China's bill and bond curve flattened slightly on Monday after forecasts showed a mixed picture for second quarter economic data, suggesting the economic recovery may not be strong enough for a major tightening of monetary policy. Brokerage CLSA said on Monday its purchasing managers' index rose to a nine-month high in April of 50.1 from 44.8 in March, its first time above 50 since July.
That was in line with the official PMI, released on Saturday, which held above the boom-bust line of 50 for the second month in a row, rising to 53.5 in April from 52.4 in March. The State Information Centre said in a report published in the official China Securities Journal that Chinese annual economic growth will rise to 7 percent in the second quarter from the first quarter's 6.1 percent. But the government think-tank also said the consumer price index would show an annual decline of 1.3 percent in the second quarter.

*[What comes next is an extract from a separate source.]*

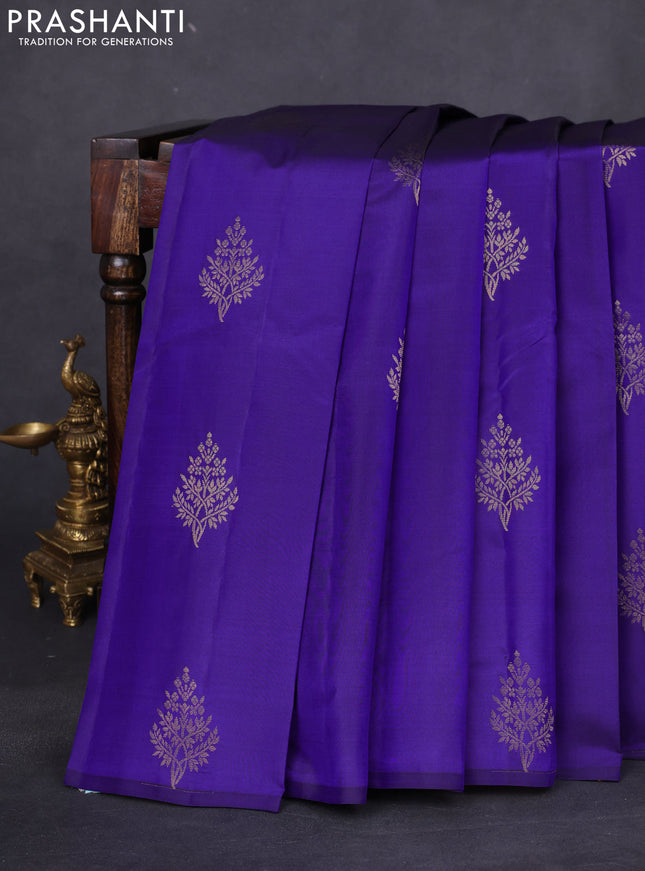 Pure kanchipuram silk saree blue and mustard yellow with zari woven buttas in borderless style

It also pegged industrial output growth at 7.1 percent in the second quarter, down from 8.3 percent in March, while exports were seen falling 20.2 percent against a drop of 17.1 percent in March. The three-year government bond yield edged up to 1.7544 percent bid on Monday from 1.7535 percent on Thursday, according to Reuters Reference Rates. China's financial markets were closed on Friday for a public holiday.
But the five-year government bond yield slipped to 2.4482 percent from 2.4527 percent. In the bills market, most yields edged down because of ample liquidity but traders expected the central bank would remain determined to keep a floor under yields, despite an expected drop in April loan growth from March's record. The one-year central bank bill yield slipped to 1.2299 percent bid on Monday from Thursday's 1.2359 percent but the three-month yield edged up to 1.0370 percent from 1.0290 percent.